There are bad days and good days and I think the more you heal the better the ratio between good to bad gets tipped into good's favor.

I think one of the major points in my healing was realizing and finally not allowing myself to constantly think about how my current situation affects the long range future. I started thinking about today and maybe the up coming weekend instead of how all my long range plans, that had been set in motion back years ago, have all changed. When looking at the future I started questioning everything I used to count on as a facts. What I found was I continued to think in circles which caused a feeling of hopelessness and frustration and it was killing me.

I can't tell you the day or moment but there was a switch or something that flipped and let me stop wasting time and brain power on something that I couldn't control. I started thinking since this is a new life I'm starting I get to change whatever and however I want and that is a great feeling to me.

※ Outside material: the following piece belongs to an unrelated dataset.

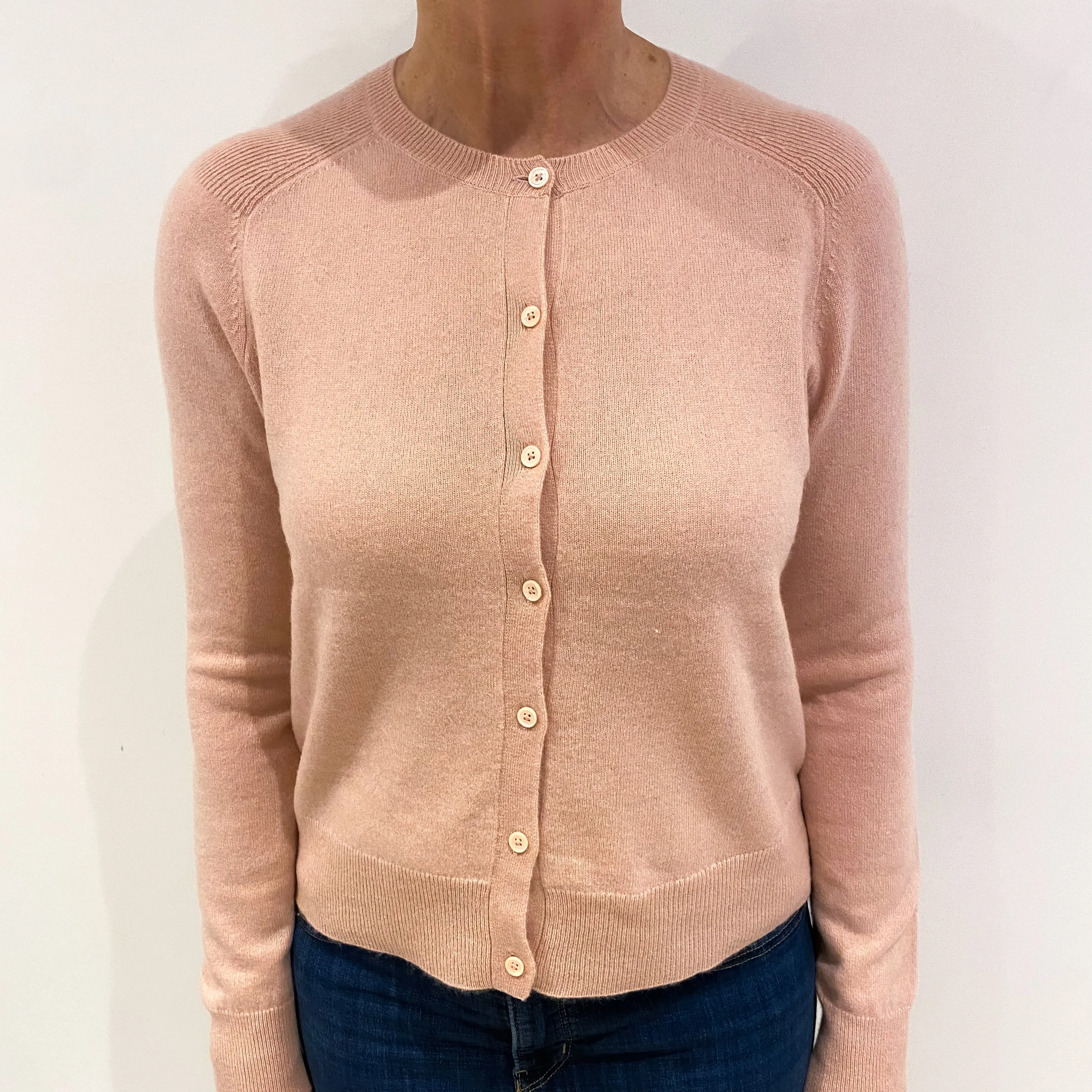 Blush Pink Cashmere Crew Neck Cardigan Medium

The day to day things have now somehow become more enjoyable. Maybe because I'm not thinking about the past or future as much but focusing on today and what opportunities I have right in front of me.

I don't know where this new type of thinking/awareness is going to lead me. I still have responsibilities to my children as well as family and friends and I can't lose sight of that but that leaves a lot of me time to figure out what I want to do and ride this wave we call life. It will take me somewhere and I'm cool with that knowing I'm in the drivers seat and since that is the only person I can control what better person to have driving.

There is one motivational poster that I used to see everyday and it never resided in me until I had my major life change happen. It says "If you do not ride the wave of change, you will find yourself beneath it." I hate those stupid posters but I'm glad I remember that one.

Our lives change often, so what if this last one was a mack truck running me over, it is still change and needs to be dealt with. I'm going to try and brush off a little more asphalt each day.

Good luck on your own journey. I'm glad I get to share mine here and hopefully some of you feel the same way I do.